Reading and understanding it and the expected path loss is one thing, and then real world experience is a whole another thing. You can then compound your confusion on expected performance by realizing that wide band spreading modes are yet another layer to the mix.
I built a simple analog 900 MHz repeater so that I could get a better idea of how signal propagation on the band. I was rather impressed. On the same token I was also impressed using the slower Aerocomm FHSS units on 900 MHz. But trying to draw comparisons between narrow to wide is a bad plan.
The XR-9 is a logical step for the average ham, with a modest tower.
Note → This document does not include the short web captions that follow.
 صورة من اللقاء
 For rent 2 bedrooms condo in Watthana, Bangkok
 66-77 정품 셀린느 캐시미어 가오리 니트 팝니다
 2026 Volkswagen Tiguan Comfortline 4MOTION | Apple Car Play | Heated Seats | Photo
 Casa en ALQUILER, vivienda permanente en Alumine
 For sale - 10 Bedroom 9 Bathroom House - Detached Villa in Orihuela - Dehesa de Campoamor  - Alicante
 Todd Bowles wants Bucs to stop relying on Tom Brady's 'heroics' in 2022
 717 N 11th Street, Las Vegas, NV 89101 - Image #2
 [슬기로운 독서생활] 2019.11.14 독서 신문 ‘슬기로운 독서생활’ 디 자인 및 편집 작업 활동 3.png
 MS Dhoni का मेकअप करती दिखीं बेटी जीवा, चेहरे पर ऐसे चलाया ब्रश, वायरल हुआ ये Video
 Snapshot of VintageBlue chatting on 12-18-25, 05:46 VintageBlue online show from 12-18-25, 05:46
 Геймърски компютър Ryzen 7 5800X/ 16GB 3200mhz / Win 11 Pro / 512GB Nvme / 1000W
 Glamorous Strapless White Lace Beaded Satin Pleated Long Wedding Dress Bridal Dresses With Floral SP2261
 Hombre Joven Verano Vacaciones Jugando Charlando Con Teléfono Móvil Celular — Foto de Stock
The versatility in data rates and ability to change the channel width from the default of 20 MHz spreading to a half-rate of 10 MHz and even a quarter rate of 5 MHz is ideal.
Overall in all the experimentation of wide band spread spectrum at 900 MHz and 2.4 GHz, from the Proxim Symphony, origional 900 MHz WaveLan, Ubiquiti Bullet to the XR-9, I feel the average ham will be mildly disappointed. (Also see David Rowe, VK5DGR's blog on Wifi is hard.)
All this stuff works great if you can get a central node/AP up high on a commercial tower. Not so great if you live in an established neighborhood with medium to mature size trees.
I have experienced the difference between 1 watt and adding a 10 watt BDA's on both bands. For the average ham, living in the city with a modest tower, this does improve things significantly, and provides something usable.
In light of the recent spread spectrum rule change, I would highly appreciate if TAPR would consider getting behind a BDA project.
I would appreciate if the ARRL would clarify how spread spectrum fits into the existing band plans on 902 and above.
To help things along here is a recent article I stumbled into detailing construction and theory on a switchless bidirectional amplifier for 2.4 GHz using circulators.
The theory can be applied to BDA development for less crowded bands like 3 GHz, 5 GHz or even 900 MHz.
Most commercial bidirectional amplifiers use radio frequency (RF) switches which switch between two signal paths. Their switching time can cause data loss at a high transfer rate. For instance, with a data rate of 54 Mbit/s the time duration for 1 bit is 17.66 ns. Switching times of commercial available bidirectional amplifiers can be as high as 2 ms, causing a loss of more than 100 bits. There, bidirectional amplifiers realized as monolithic microwave integrated circuits (MMIC) bias a transistor circuit in such a way that it amplifies either in the one or the other direction......
In the following, a switchless bidirectional amplifier is discussed. It is compared against a bidirectional amplifier concept using RF switches as commonly used in commercial wireless communication systems....
Back in June 2007, L-com acquired HyperLink Technologies of Boca Raton, Florida.
Below are some internal pictures of their 900 MHz 802.11 amplifier. Both their HA910I-APC and newer HA905I-DM are essentially the same.
The same variable attenuator input, M68772 RF power amplifier, and MD003 PIN diode switch. The newer model has much better heat dissipation, and runs at 12 volts in stead of 13.5 volts. So even the newer advertised 5 watt model is capable of more.
I don't like the idea of using Amplifiers on 2.4 GHz as the channels overlap and there is the potential to disrupt to many other users. However there is a cheap amplifier 5-8 watt for that band, the EDUP EP-AB003 2.4GHz Amplifier for about $50-60.